Friday, January 4, 2013

Christmas Books 2012 (Part I)

I got a number of books for Christmas and Kind of like a parent who has a favourite child, but will never admit it, I do have a favourite book—two, actually.
Raising Hell:
Ken Russell and the Unmaking of The Devils
(by Richard Crouse)

The book cover is so vulgar, it’s going to be almost embarrassing to read on the bus—almost, but not quite.  The story is about the (un)making of what Richard Crouse calls one of the most controversial films ever made, Ken Russell’s The Devils. 

I’ve never seen the film, but watch this amazing scene from The Devils:






Out of Africa
(by Karen Blixen)


Perhaps he knew, as I did not, that the Earth was made round so that we would not see too far down the road.”
–Out of Africa

What makes this book extra special is that it is illustrated and therefore, for me, a collector’s piece.

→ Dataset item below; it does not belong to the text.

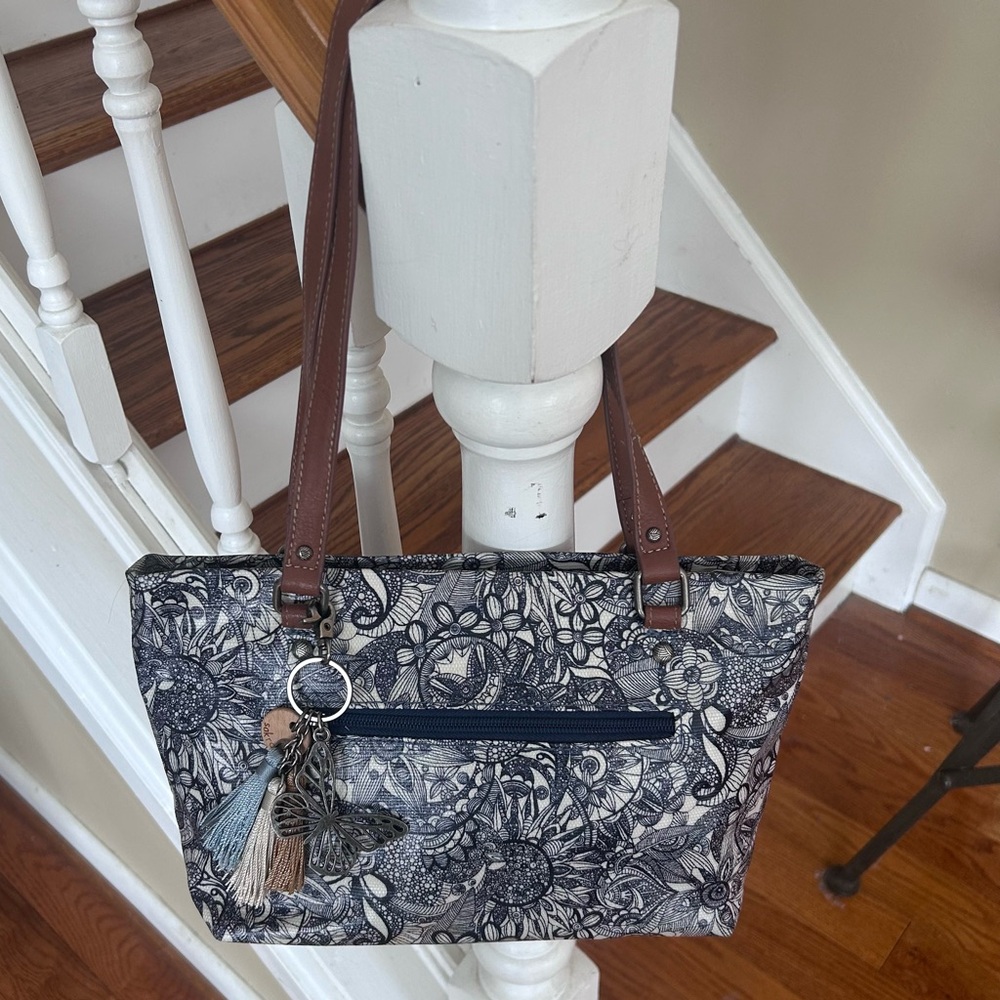 Sakroots Artist Circle Dark Blue Poly Coated Canvas Shoulder Purse Charms Boho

In apocalypse films, book-lovers always die first because in the game of survival, book-lovers take too many books in place of food.  After the apocalypse, I can almost guarantee Out of Africa will be found on my dead, half-eaten body.





The Vanishing Act of Esme Lennox
(by Maggie O’Farrell)

How would you react if your aunt, whom you never knew existed, returned home after spending years – a life time – in a psychiatric hospital? 


I discovered Maggie O’Farrell on Writers and Company with Eleanor Wachtel on the CBC. 


Listen to the Maggie O’Farrell  interview  here.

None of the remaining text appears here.